Best pitcher in Mississippi high school baseball history? Great question, and I have no definitive answer. But I know of only one pitcher for whom a high school baseball team was created, and he became a three-time Major League All-Star. His name: Roy Oswalt.

Tiny Weir High School, which no longer exists, was known for its remarkable football program, which won six state championships. Indeed, Oswalt was a safety and wide receiver on the Weir state champs of 1994.

“We allowed seven yards total offense in the state championship game,” Oswalt, now 37, said. “I think that’s probably still a record.”

But Weir had never had a baseball team until Roy Oswalt came along, a skinny 10th grader with a rocket for an arm. He was throwing 90 mph when he was 15 years old and didn’t weigh more than 140 pounds.

So was the baseball program at Weir really created because of one skinny kid’s right arm?

“That’s the way the story goes,” Oswalt says, chuckling. “My dad pushed for it and helped get it in front of the school board. They passed it. My daddy (a logger) cleared some trees for the field and we had us a team.”

That first Weir team played 16 games. Oswalt pitched 14 of those.

“I can’t remember our record, but we made the playoffs,” Oswalt says. “We made the playoffs all three years. Never could win the state.”

Oswalt, who started school a year early, graduated at age 17 and at 5 feet, 11 inches and 150 pounds. Remarkably, a guy who would later win 163 Major League games, was not recruited by a major college and not drafted by a professional team out of high school.

He went to Holmes Community College on a half scholarship “probably mostly because of a friendship between my football coach at Weir (Joe Gant) and the coach at Holmes.”

At Holmes, he grew two inches and put on about 20 pounds of muscle his freshman year. His fastball went from around 90 to a 97-98 mph. That got everybody’s attention, including the Houston Astros who drafted him after his freshman year and Mississippi State who signed him to a letter of intent. The Astros, who had drafted him in the 23rd round, signed him before the draft for close to first-round money.

“I had always wanted to pitch for State, but it was just too much money to turn down,” Oswalt says. The Astros were pitching rich at the time and it took Oswalt four seasons to make the Major Leagues. Once there, Oswalt became one of the most accomplished pitchers in the sport, 14-3 as a rookie in 2001, three times an All-Star, two times a 20-game winner, five times a top five finisher for the Cy Young Award. He was known for his competitiveness and for being at his best in the biggest games. He was the MVP of the 2005 National League championship series.

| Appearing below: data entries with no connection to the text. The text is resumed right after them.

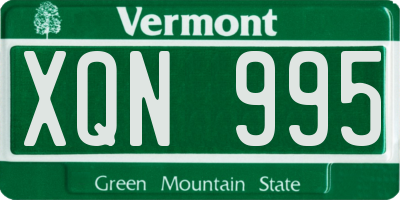 VT license plate XQN995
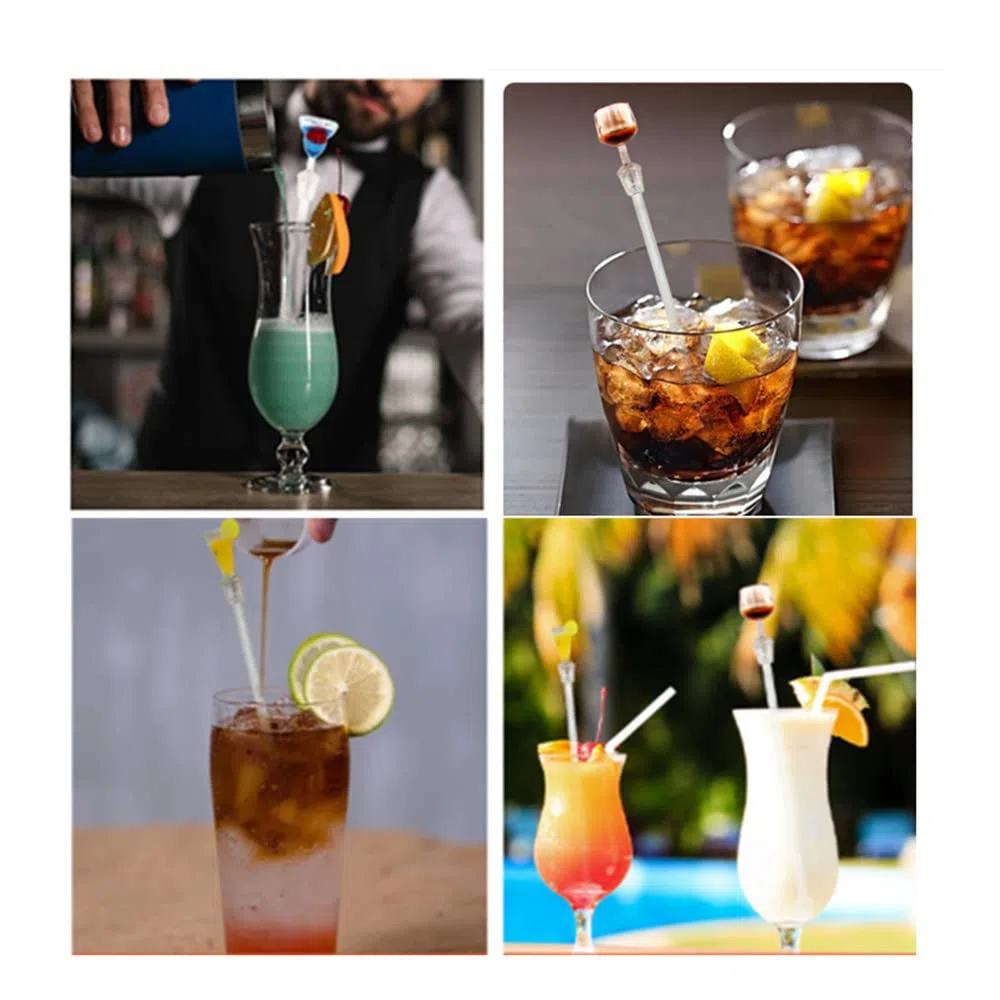 Bastoncini per Cocktail, 10 Pezzi Acrilico Cocktail Agitatori Drink Agitazione Bastoncini Colorati Swizzle Mixing Sticks Plastica Cocktail Swizzle Stirrer (23cm)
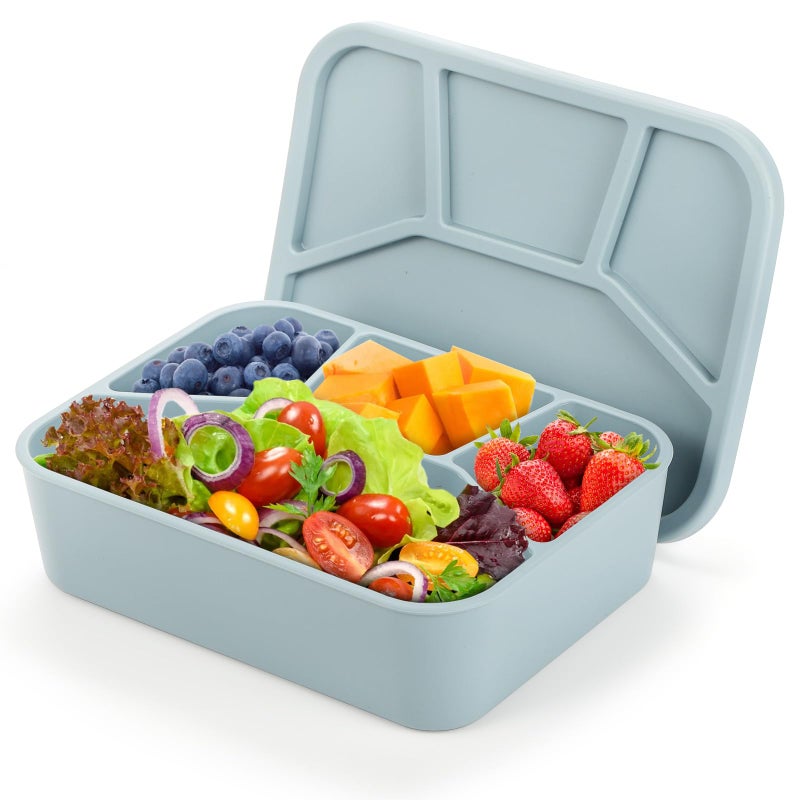 Noamus Silicone Bento Box  4 Compartment Leakproof Lunch Box With Lid  42 Oz Unbreakable Food-Grade Divided Storage Container For Adult Kid  Bpa Free  Oven Dishwasher Freezer Safe (Grayish Blue) - Image 1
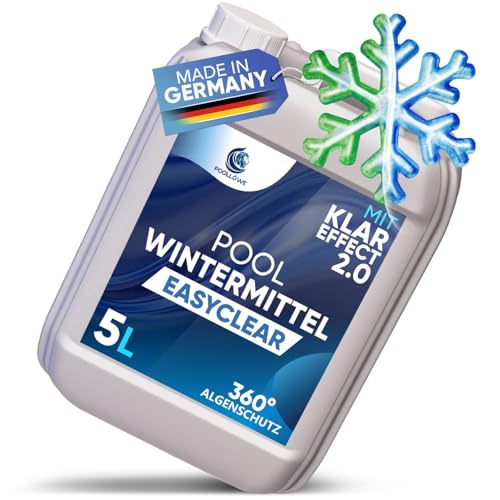 PoolLöwe EASYCLEAR Pool Wintermittel flüssig 5L I Überwinterungsmittel für Pool ohne Ablassen I Wintermittel mit hocheffektiver Easyclear-Formel | Winterschutzmittel zur Schwimmbad Überwinterung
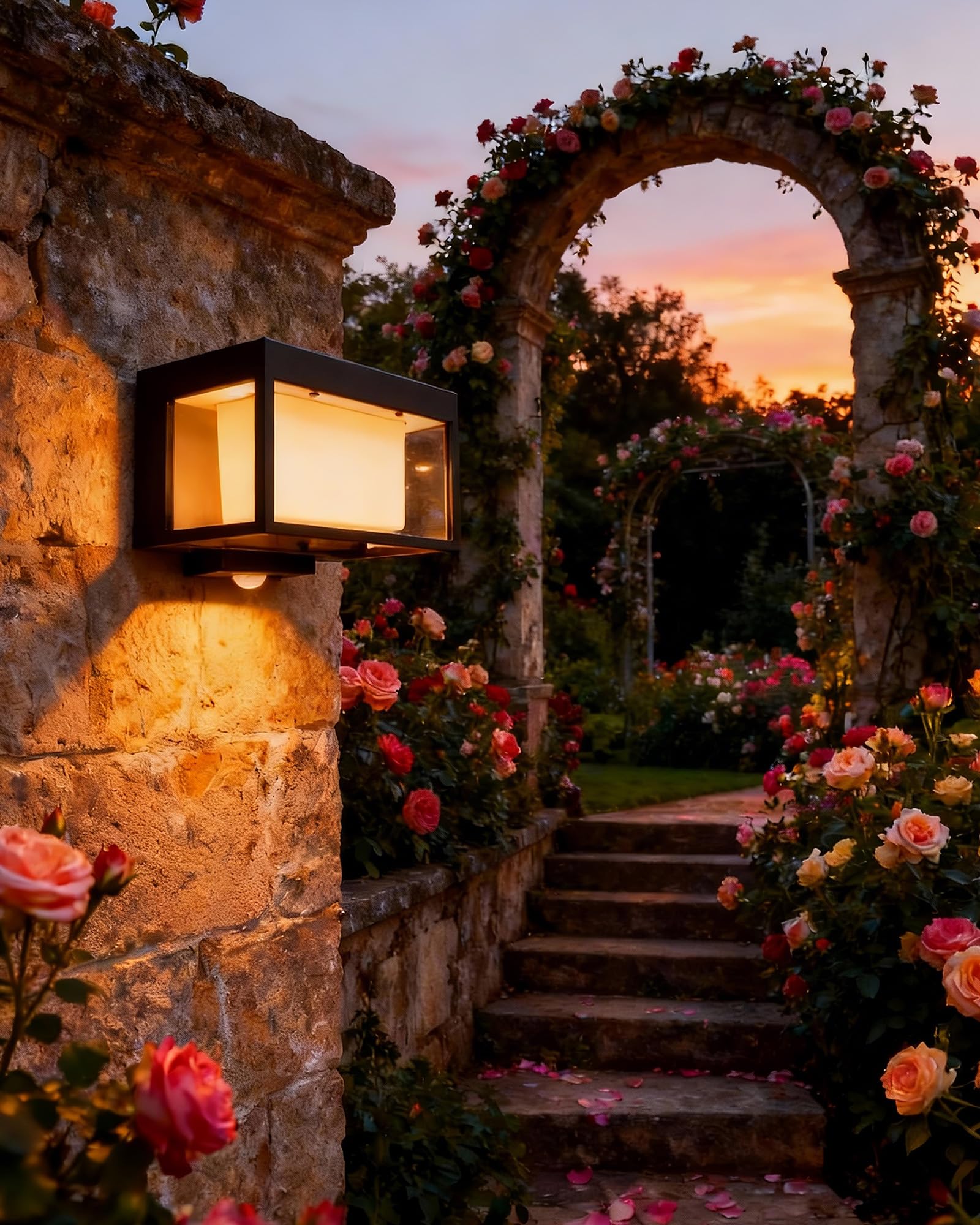 RUIQIO Solar Wall Lights with Motion Sensor: 3000K Solar Outdoor Door Wall Light with PIR, Dusk to Dawn Wall Lighting Waterproof for House, Garage, Porch, Doorway, Garden (1 Pack)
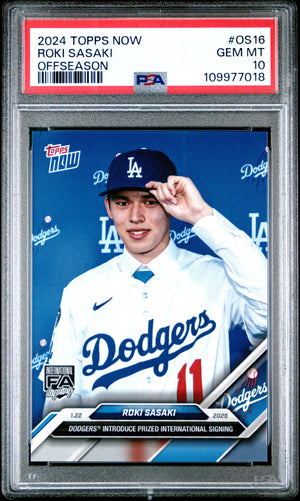 Graded 2024 Topps Now Roki Sasaki #OS16 Offseason Rookie RC Baseball Card PSA 10 Gem Mint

Before all that he was the pitching star of the U.S. gold medal-winning baseball team in the 2000 Olympics. His numbers — 163-102 record, 3.36 career ERA before his retirement in 2013 — certainly should merit consideration for Cooperstown. He is a cinch for the Mississippi Sports Hall of Fame. He will become eligible in 2018.

Oswalt, father of three girls all under age 10, now makes his home in Starkville. Yes, he says, he misses the competition Major League baseball provided.

“I do miss being on the mound with the ball in my hand and having control of a game,” Oswalt says. “I’ll always miss that. But I don’t miss the travel, not at all. I like having my clothes all in one place.”

When he’s not hunting deer, turkeys, squirrels, etc., Oswalt works as a baseball players’ agent with his former agent, Robert Garber.

Says Oswalt, “Baseball’s still part of my life; it always will be.”